Justice Girvan added that this included “the duty to carry out the inquests as soon as practicable and with reasonable expedition”, and that the unchallenged decisions “inevitably led to a need for resources to be made available if the State is to comply with its obligations to have timely inquests.”
 
Justice Girvan stated that the evidence made it clear that Ms Foster’s “reasoning was motivated by her view that the legacy inquests created an imbalance in relation to State killings as opposed to paramilitary killings, that the LCJ’s proposals and the MoJ’s paper did not address the issues of innocent victims and that the funding of legacy inquests should be deferred until resolution of all legacy issues”.
 
Although this was “an understandable political viewpoint”, Justice Girvan stated that Ms Foster had misdirected herself when concluding that the duties of the State could be delayed indefinitely until an agreement was reached on an overall package to resolve all legacy inquests.
 
Systemic delay
 
Justice Girvan held that there had been systemic delay in the coronial system in respect of the determination of the legacy inquests, which are required to be conducted in a manner compliant with Article 2 and within a reasonable timeframe.
 
The result of this was that Ms Hughes’ Article 2 and 8 rights were engaged, and that the delay meant her Article 2 rights were not being vindicated.
 
In her decision not to permit the MoJ’s paper to go before the Executive Committee, the former First Minister, Arlene Foster, “was in error in concluding that it was legally proper to defer consideration of the question of seeking additional funding to deal with the systemic delays in relation to the legacy inquest until an overall package was agreed in respect of the outstanding legacy issues. She was in error in concluding that it was legally proper to defer consideration of the funding issue because in the absence of an overall package the provision of additional funds to deal with the systemic delays in the legacy inquests would favour victims who were not innocent as against innocent victims of the Troubles”.
 
Justice Girvan added that this approach “was infected by the legally erroneous view that dealing with the question of the provision of additional funds to deal with the systemic problems in respect of legacy inquests should await the outcome of an overall package in respect of all legacy issues.
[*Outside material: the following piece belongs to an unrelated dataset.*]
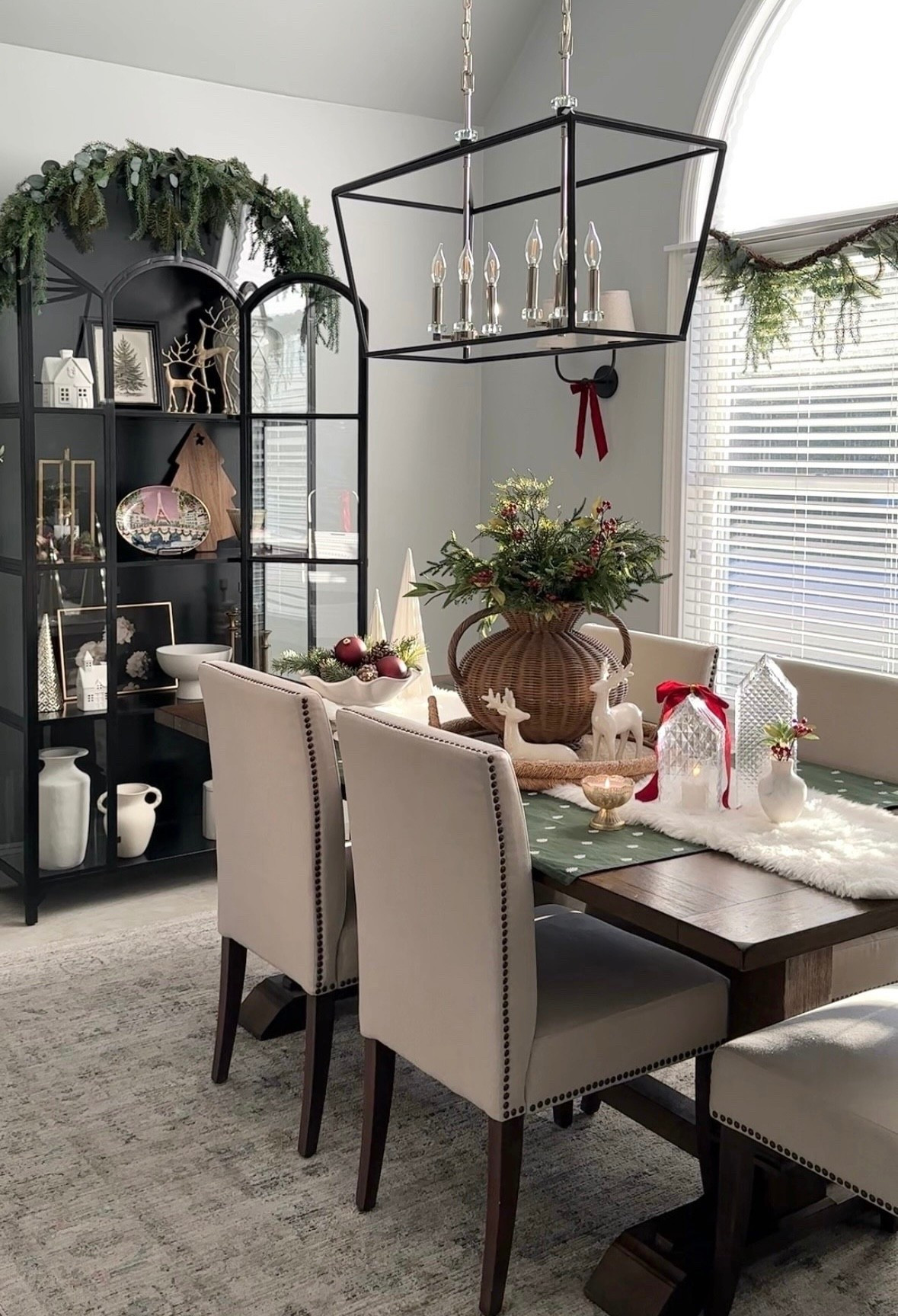 Christmas dining space styling! Shop black display cabinet, chandelier, sconce, similar chairs and wood table, woven vase, greenery, crystal houses, mercury candles on sale shop free, brass reindeer, holiday plater, ruffle bowl, table top trees, vases, wood board, holiday houses, coastal trays. Pottery Barn, Crate & Barrel, Amazon home, Target, Anthropologie, Wayfair, Walmart. Sales, free shipping.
Their approach has been infected by the erroneous legal view that there is a permissible linkage between the issues”.
 
This represented disregard for breaches of Article 2, Rule 3 and common law in respect of the legacy inquests which require to be addressed and dealt with irrespective of whether an overall package can be agreed.
 
Justice Girvan directed that the NI departments and the Secretary of State must reconsider the question of the provision of additional funding for legacy inquests and that this cannot be postponed until an outcome to a political agreement is resolved.